Even assuming § 1256(a) applies to bar removal proceedings against Petitioners,  the plain language of the statute does not in any way contemplate extension of the limitations period to the naturalization process, and the holdings of Garcia and Bamidele do not suggest otherwise. Further, Petitioners’ interpretation of these cases does not comport with congressional intent. Rescission and removal proceedings are distinct and separate matters from an alien’s eligibility to naturalize. Congress’ desire to afford noncitizen LPRs with “the security which ought to attend [such] status, ” Bamidele, 99 F.3d at 564, does not mean that aliens who are later determined to have been ineligible for LPR status are entitled to the additional, greater benefit of citizenship. See Adegoke v. Fitzgerald, 784 F.Supp.2d 538, 541-42 (E.D. Pa. 2011) (noting that the petitioner already enjoyed the limited security conferred by § 1256(a) and that “Congressional intent does not require that [he] be naturalized as well.”)
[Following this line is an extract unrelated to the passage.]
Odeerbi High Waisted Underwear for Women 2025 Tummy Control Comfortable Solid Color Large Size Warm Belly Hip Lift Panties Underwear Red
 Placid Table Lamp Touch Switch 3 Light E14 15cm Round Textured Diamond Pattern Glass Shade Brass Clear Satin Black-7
Lastly, Petitioners raise several equity-based arguments. Among other things, Petitioners posit that the Government’s failure to promptly review their status is fundamentally unfair and has placed an unreasonable burden on them to maintain evidence “to prove a bona fide marital relationship in perpetuity.” They contend that this unreasonableness is compounded by the fact that the Government never conducted a review of the petition filed on behalf of Hai Rui Lin, and at some point lost this file. Petitioners further assert that this case has taken an emotional toll on them. (Pet’r’s Mot. for Summ. J. 9-10, 11, 14.)
As previously discussed, courts cannot use equitable doctrines to excuse an applicant’s failure to meet all of the statutory requirements for naturalization. See INS v. Pangilinan, 486 U.S. 875, 883-85 (1988). Because Petitioners’ arguments do not alter the fact that they have not proven their eligibility to naturalize, their equitable assertions are irrelevant. Although we sympathize with the situation confronting Petitioners, we are constrained to follow the law as written and interpreted by the Third Circuit.
For the foregoing reasons, Petitioners’ motion will be denied and the Government’s motion will be granted.
An appropriate Order follows.
AND NOW, this 31st day of May, 2013, upon consideration of the parties’ cross-motions for summary judgment (Doc. Nos. 18, 21) and the response and reply to the Government’s motion, and for the reasons set forth in the accompanying Memorandum Opinion, it is hereby ORDERED that:
Petitioners’ motion for summary judgment is DENIED;
The Government’s cross-motion for summary judgment is GRANTED;
On or before June 14, 2013, Petitioners shall advise the Court of whether they wish to proceed on their claims under the Administrative Procedures Act.